Language models like GPT-4 and Claude have proven to be powerful tools in various applications, yet the shroud of secrecy surrounding their training data has raised concerns. In a bid to address this issue, the Allen Institute for AI (AI2) is taking a groundbreaking step by introducing a substantial text dataset named Dolma, which is both freely accessible and open to scrutiny.
Dolma, the cornerstone of AI2’s upcoming open language model project known as OLMo (short for “Data to feed OLMo’s Appetite”), is designed to foster collaborative research within the AI community. Just as the OLMo model is intended to be freely modifiable and employable, AI2 advocates for the same transparency and openness in the dataset that fuels its creation.
The unveiling of Dolma marks AI2’s first “data artifact” connected to OLMo. Luca Soldaini of AI2 elaborates on the data selection process, the reasoning behind specific methodologies, and the efforts to refine the dataset for optimal utilization in AI systems. While AI2 plans to provide a comprehensive paper detailing their work, a blog post currently offers insights into their approach.
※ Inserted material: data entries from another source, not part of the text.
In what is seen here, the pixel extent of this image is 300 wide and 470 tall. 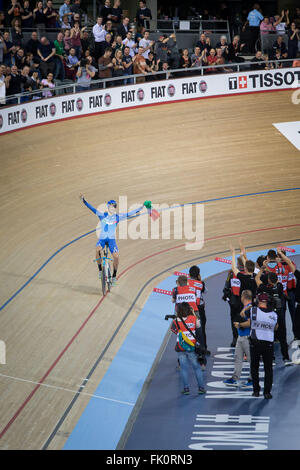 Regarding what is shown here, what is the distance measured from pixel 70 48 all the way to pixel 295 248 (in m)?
7.64

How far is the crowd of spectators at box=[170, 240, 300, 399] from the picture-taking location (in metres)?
7.18

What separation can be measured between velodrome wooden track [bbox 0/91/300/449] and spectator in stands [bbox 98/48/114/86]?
105 cm

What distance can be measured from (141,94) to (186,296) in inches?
383

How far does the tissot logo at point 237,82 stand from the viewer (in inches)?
677

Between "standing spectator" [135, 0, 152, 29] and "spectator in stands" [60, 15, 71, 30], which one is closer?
"spectator in stands" [60, 15, 71, 30]

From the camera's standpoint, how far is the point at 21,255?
37.1ft

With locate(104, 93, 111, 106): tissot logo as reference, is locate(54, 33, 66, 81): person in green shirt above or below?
above

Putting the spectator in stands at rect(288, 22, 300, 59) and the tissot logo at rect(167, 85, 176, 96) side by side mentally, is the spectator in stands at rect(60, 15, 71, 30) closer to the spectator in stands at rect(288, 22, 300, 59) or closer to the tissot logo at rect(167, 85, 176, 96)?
the tissot logo at rect(167, 85, 176, 96)

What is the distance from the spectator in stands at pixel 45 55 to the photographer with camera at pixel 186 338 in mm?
9932

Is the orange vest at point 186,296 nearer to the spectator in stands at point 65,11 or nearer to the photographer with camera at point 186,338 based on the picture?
the photographer with camera at point 186,338

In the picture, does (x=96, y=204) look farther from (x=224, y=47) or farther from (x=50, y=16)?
(x=224, y=47)

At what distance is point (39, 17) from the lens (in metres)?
16.7

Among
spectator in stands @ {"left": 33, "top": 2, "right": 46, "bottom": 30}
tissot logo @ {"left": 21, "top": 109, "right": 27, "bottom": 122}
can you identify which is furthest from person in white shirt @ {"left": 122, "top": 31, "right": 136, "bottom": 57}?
tissot logo @ {"left": 21, "top": 109, "right": 27, "bottom": 122}

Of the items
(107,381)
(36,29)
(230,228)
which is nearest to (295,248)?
(230,228)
Major players in AI, such as OpenAI and Meta, share limited details about their dataset statistics; however, substantial portions of this information remain proprietary. This approach not only hampers comprehensive scrutiny and advancement but also fuels speculations about potential ethical and legal concerns surrounding data acquisition, including the possibility of incorporating unauthorized content.
AI2’s illustrative chart underlines the gaps in information provided by even the largest and most recent models. Questions arise regarding the omitted details and reasons behind their exclusion. AI2’s initiative stands in contrast, aiming to furnish the AI community with a comprehensive understanding of dataset sources, processing steps, and decisions like text quality assessment and privacy preservation.
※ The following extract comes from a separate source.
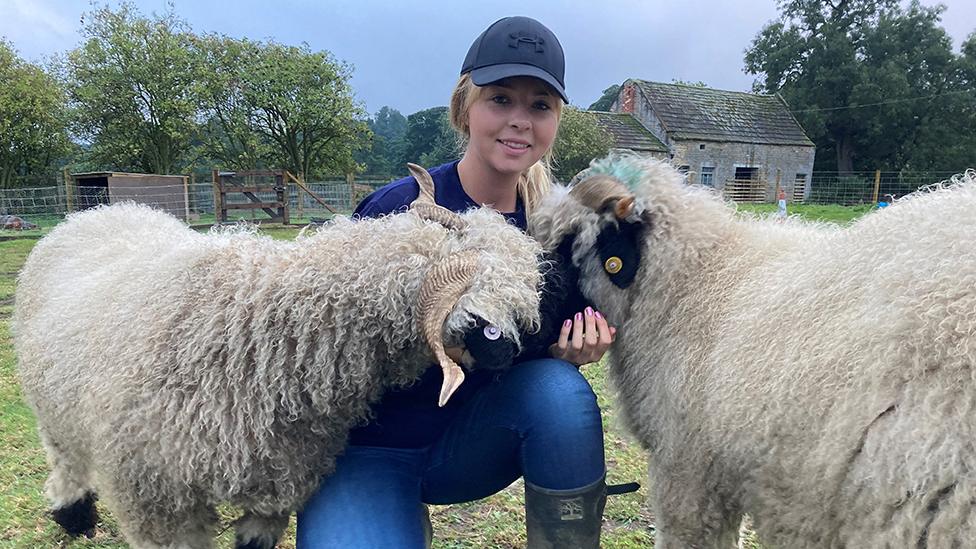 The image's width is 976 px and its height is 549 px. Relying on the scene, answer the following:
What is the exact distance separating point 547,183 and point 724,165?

In an AI landscape marked by fierce competition, it is within the rights of companies to safeguard the intricacies of their model training processes. However, this strategy poses challenges for external researchers, as it renders their datasets and models inscrutable and challenging to replicate or study.
Dolma, introduced by AI2, is positioned as an antidote to such opacity. Distinguished by its openly documented sources and methodologies, Dolma surpasses previous endeavors in both scale and accessibility. Boasting an impressive content volume of 3 billion tokens—an AI-specific metric—it presents itself as a pioneering endeavor that prioritizes ease of use and permissions.
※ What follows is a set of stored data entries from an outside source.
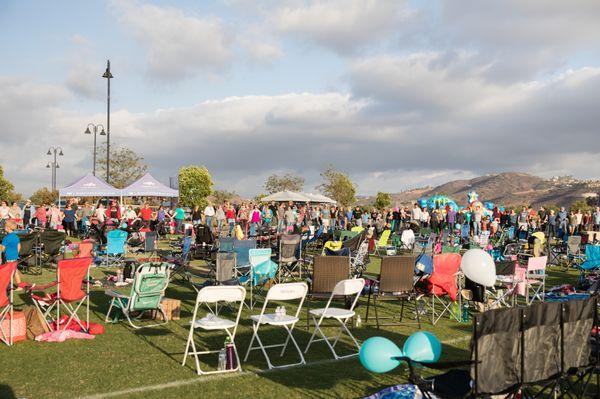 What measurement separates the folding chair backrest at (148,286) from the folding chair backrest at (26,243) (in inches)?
264

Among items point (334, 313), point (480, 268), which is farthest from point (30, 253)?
point (480, 268)

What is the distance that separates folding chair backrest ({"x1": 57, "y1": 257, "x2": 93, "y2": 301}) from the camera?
7238 millimetres

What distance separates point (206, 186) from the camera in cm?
5753

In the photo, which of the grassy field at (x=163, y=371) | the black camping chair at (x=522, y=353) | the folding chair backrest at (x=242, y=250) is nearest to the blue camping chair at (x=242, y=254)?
the folding chair backrest at (x=242, y=250)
Operating under the “ImpACT license for medium-risk artifacts,” Dolma’s usage guidelines require interested parties to:
- Provide contact information and articulate intended use cases.
- Disclose any derivative creations arising from Dolma.
- Distribute these derivatives under the same licensing terms.
- Refrain from applying Dolma to forbidden applications such as surveillance or disinformation.
For individuals concerned about their personal data being inadvertently included in the dataset, AI2 offers a specific removal request form. This form caters to individual cases, ensuring that privacy concerns are addressed on a case-by-case basis.
If these provisions align with your requirements, access to the Dolma dataset can be obtained through Hugging Face, ushering in a new era of transparency and collaboration in the realm of AI research.